I'm a little confused on what Proposition 2.2 of Massey's Algebraic Topology: An Introduction is saying; I first rewrote the theorems below and then after my issues are summarized:

Theorem 2.1: If $\{G_i\}_{i\in I}$ is a collection of abelian groups, then for any abelian group $A$ and any collection of homomorphisms $\psi_i:G_i \to A$ there exists a unique homomorphism $f:G\to A$ such that for any $i\in I$ the following diagram is commutative

$$\varphi_i : G_i \to G$$ $$\psi_i:G_i\to A$$ $$f:G\to A$$ (I don't know how to draw this diagram... help if you don't mind)

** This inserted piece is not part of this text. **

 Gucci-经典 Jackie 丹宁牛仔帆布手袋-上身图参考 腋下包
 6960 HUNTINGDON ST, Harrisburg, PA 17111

Proposition 2.2: Let $\{G_i\},G$ and $\varphi_i:G_i \to G$ be as in Theorem 2.1; let $G'$ be any abelian group and let $\varphi_i':G_i \to G'$ be any collection of homomorphisms such that the conclusion of Theorem 2.1 holds with $G'$ and $\varphi_i'$ substituded for $G$ and $\varphi_i$ respectively. Then, there exists a unique isomorphism $h:G\to G'$ such that the following diagram is commutative for any $i\in I$

$$\varphi_i : G_i \to G$$ $$\varphi'_i:G_i\to G'$$ $$h:G\to G'$$

1) My first issue is that Prop 2.2 says let $\varphi_i$ be any collection of homomorphisms such that the conclusion of Theorem 2.1 holds. Isn't that any homomorphism from $G_i$ to $G'$... that was the point of Theorem 2.1, right? We get the existence of a unique $f:G\to A$ that makes the diagram commute regardless of what $\varphi_i$ are.

2) I'm confused by the "substituded for $G$ and $\varphi_i$" part. Maybe this is a matter of just having the theorem rephrased, it isn't clicking.... maybe item 1 is me not understanding the "substituded for $G$ and $\varphi_i$" part correctly?

As for the commutative diagram, I'm having a hard time typing it here on stackexchange, but it would look like this: $$\begin{array}{ccc} G_i & \xrightarrow{\phi_i} & G \\ &\searrow{\psi_i} & \downarrow{f}\\ & & A \end{array}$$
To answer your questions, another way to view the proposition that may be more intuitive is the following: If another abelian group $G'$ and an associated family of group homomorphisms $\phi_i'$ satisfy all the same properties as $G$ and $\phi_i$ in the theorem, then $G$ and $G'$ are isomorphic. That is, the properties in the theorem specify the abelian group $G$ (which is called a coproduct in the category of abelian groups) uniquely up to isomorphism.